According to Marriott International, which already operates a JW Marriott hotel in Deira, there is significant rooms for growth in the luxury hotel market for brands such as JW Marriott and other high-end chains.

With its property already flourishing in Deira, the hotel group has said it will open two more JW Marriotts in Dubai, one in 2012, and the second in 2013. The first of the two planned development, an 807 room, two-tower facility, will be constructed on Sheikh Zayed Road by the Emirates Group. The property will cost an estimated Dh1.8 billion.

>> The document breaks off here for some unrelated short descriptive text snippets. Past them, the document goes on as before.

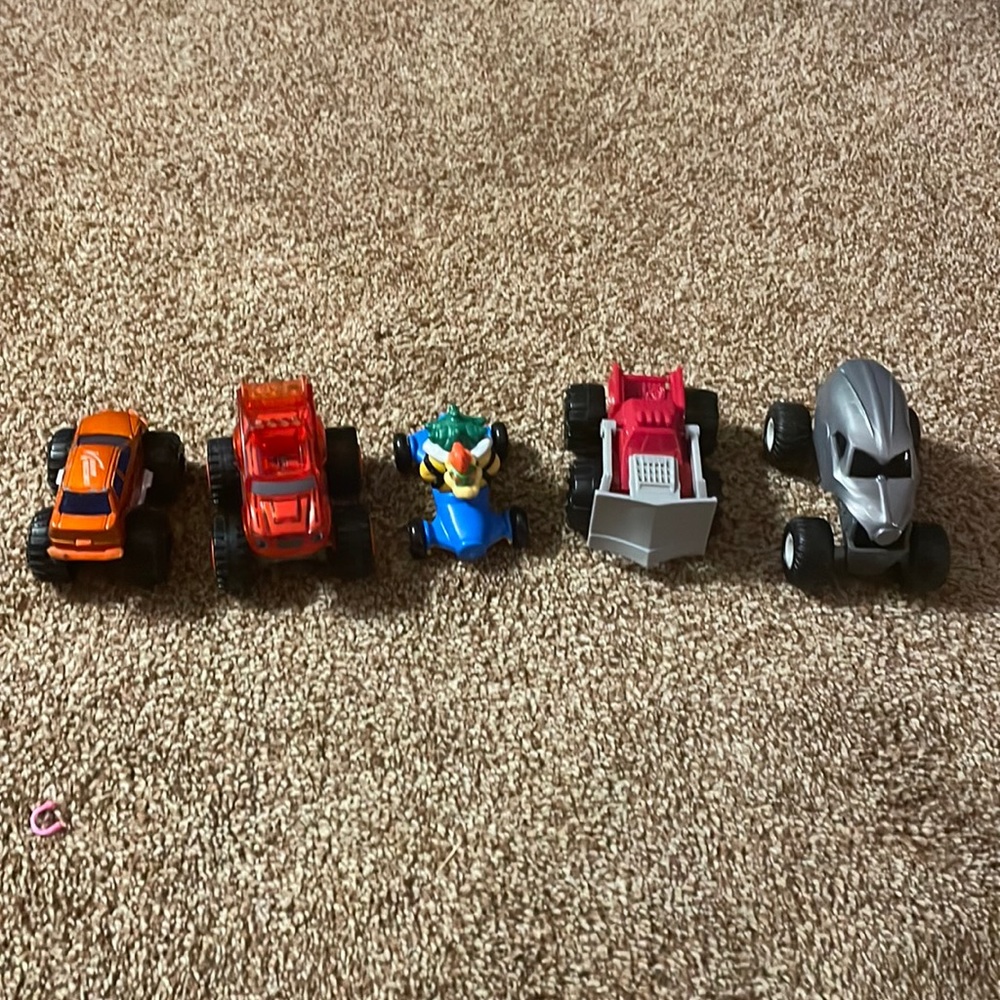Bundle of 5 cars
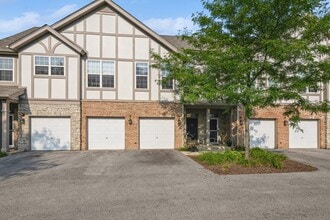 Building Photo - 250 Rosehall Dr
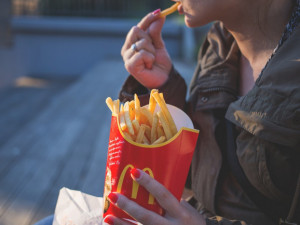 McDonald's i KFC. Fastfoody v Česku používají toxické obaly na potraviny, ukazuje studie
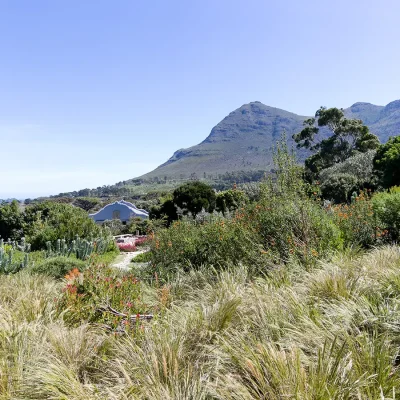 16_listing_south africa_western cape_cape town_noordhoek_kinghorns gardens_ph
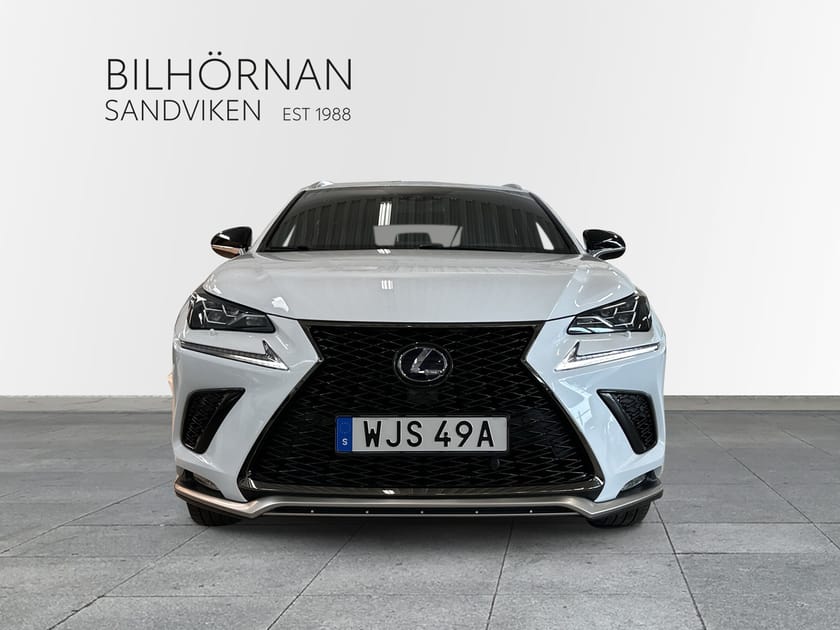Bild 5 av Lexus NX 300h AWD NX300h F-Sport Vinterhjul Dragkrok Motorvärmare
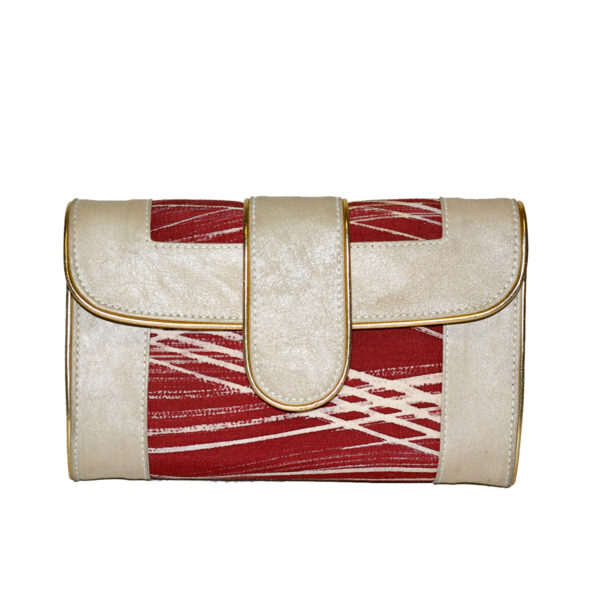 Hermosa paint stroke clutch/crossbody. Off white and burgundy. Made with leather and a vintage kimono. Snap closure. Detachable gold chain strap.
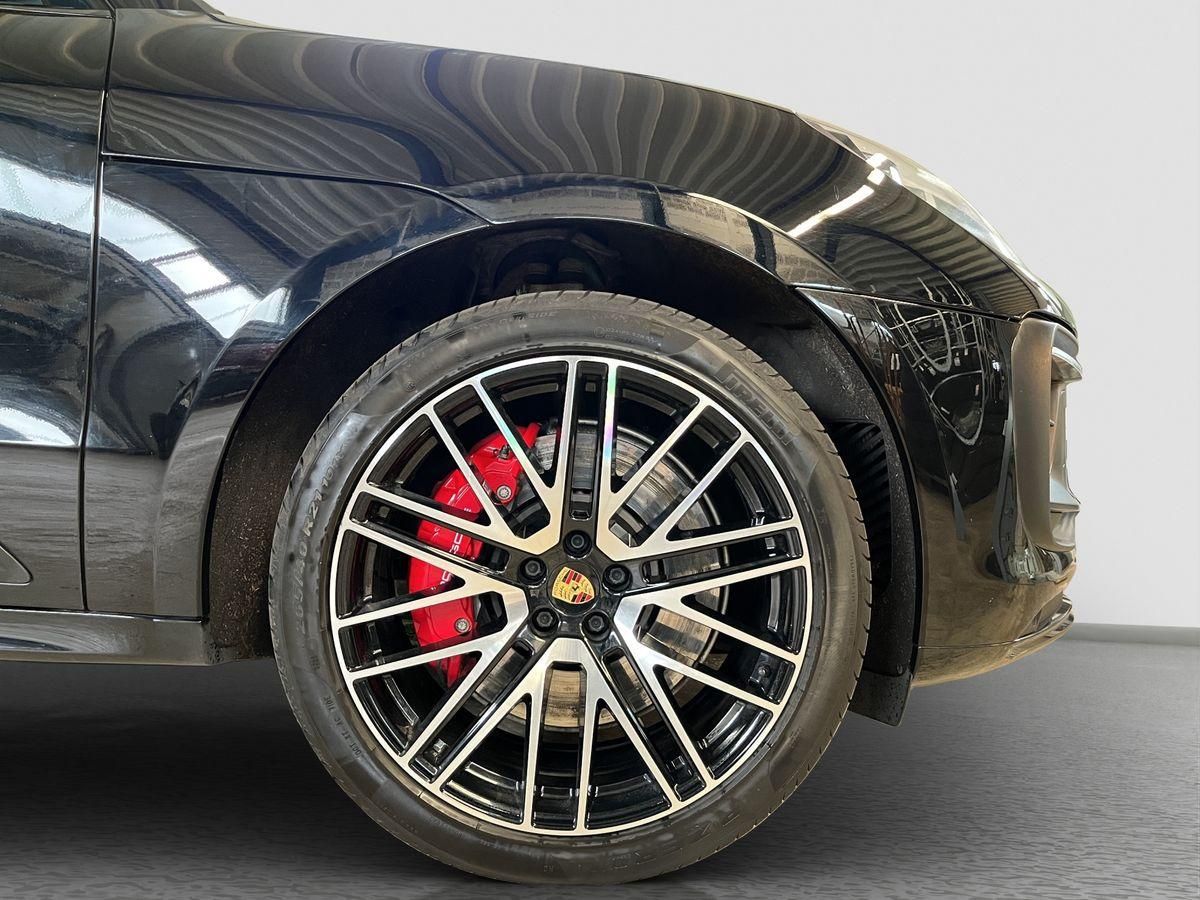 Porsche GTS V6 TURBO - Samsaru's Car Outlet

A third planned investment, a JW Marriott as well, will take longer to open, said the group as it is a long-delayed project set to open in 2014 in Lifestyle City. According to Don Semmler, executive vice president for Marriott International’s global full-service brand, a peak in customer interest has proven that luxury hotel chains are far from dead.

Mr Semmler added that many travellers are still looking to have the best experience available, and to do are now considering investing more in a trip. The group’s portfolio includes the Courtyard, business chain, Renaissance boutique hotels, and the premier Marriott Hotels and Resorts. In addition the company also acquired Ritz-Carlton back in the 1990s.

Senior director of the JW Marriott brand, Mitzi Gaskins, said that the hotel industry at present had a large gap between extreme opulence and quality service hotels. Mr Semmler echoed the idea, saying that the industry was seeing a move away from uber-luxury and finding travellers wanted quality service for a good value.